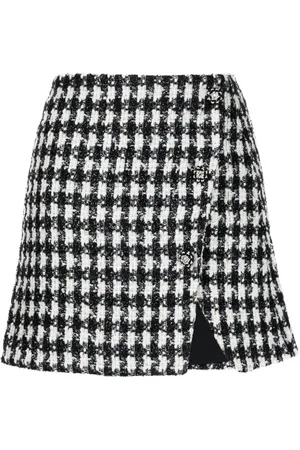 Self-Portrait Houndstooth bouclé skirt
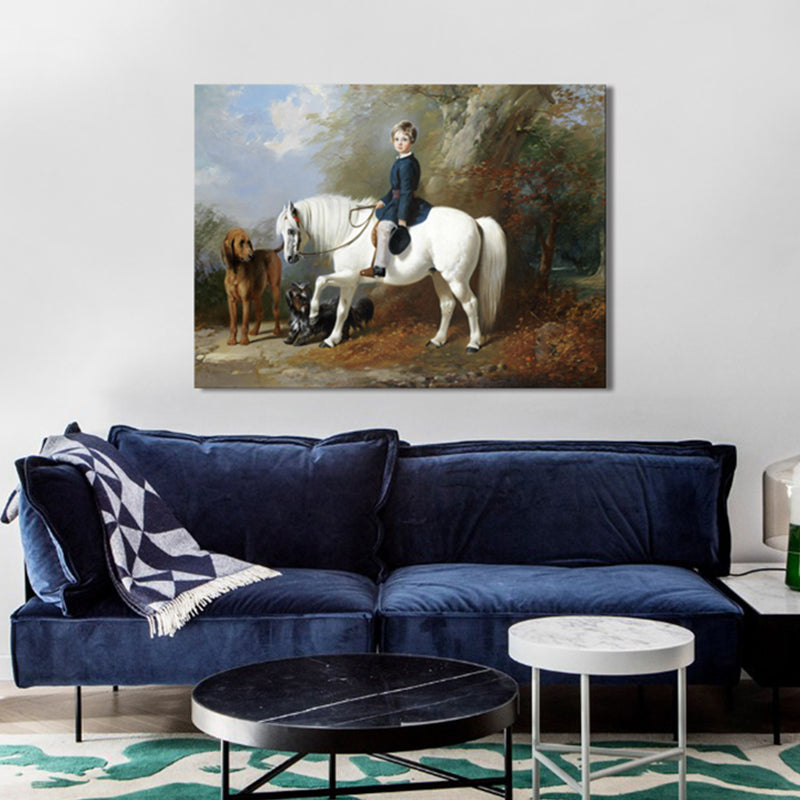 Figure Riding View Canvas for Bathroom Oil Painting Wall Art Print, Multiple Sizes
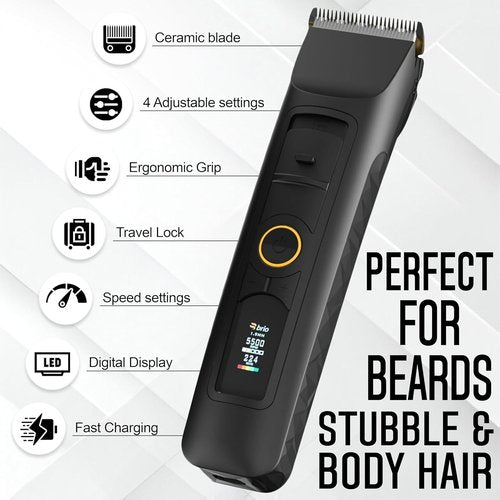 Brio Beardscape V2 Beard Trimmer - Cordless Professional Hair Trimmer with Low Friction Blade | 4-Hour Battery Life, Ideal for Beard & Body (Black)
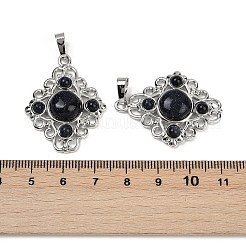 Synthetic Blue Goldstone Pendants&nbsp;G-Z077-01P-14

= = = =

**Work order:** Set down all the lines above exactly as they appear, with no pictures.

**Response to this task:**
 Self-Portrait Houndstooth bouclé skirt
 Figure Riding View Canvas for Bathroom Oil Painting Wall Art Print, Multiple Sizes
 Brio Beardscape V2 Beard Trimmer - Cordless Professional Hair Trimmer with Low Friction Blade | 4-Hour Battery Life, Ideal for Beard & Body (Black)
 Synthetic Blue Goldstone Pendants&nbsp;G-Z077-01P-14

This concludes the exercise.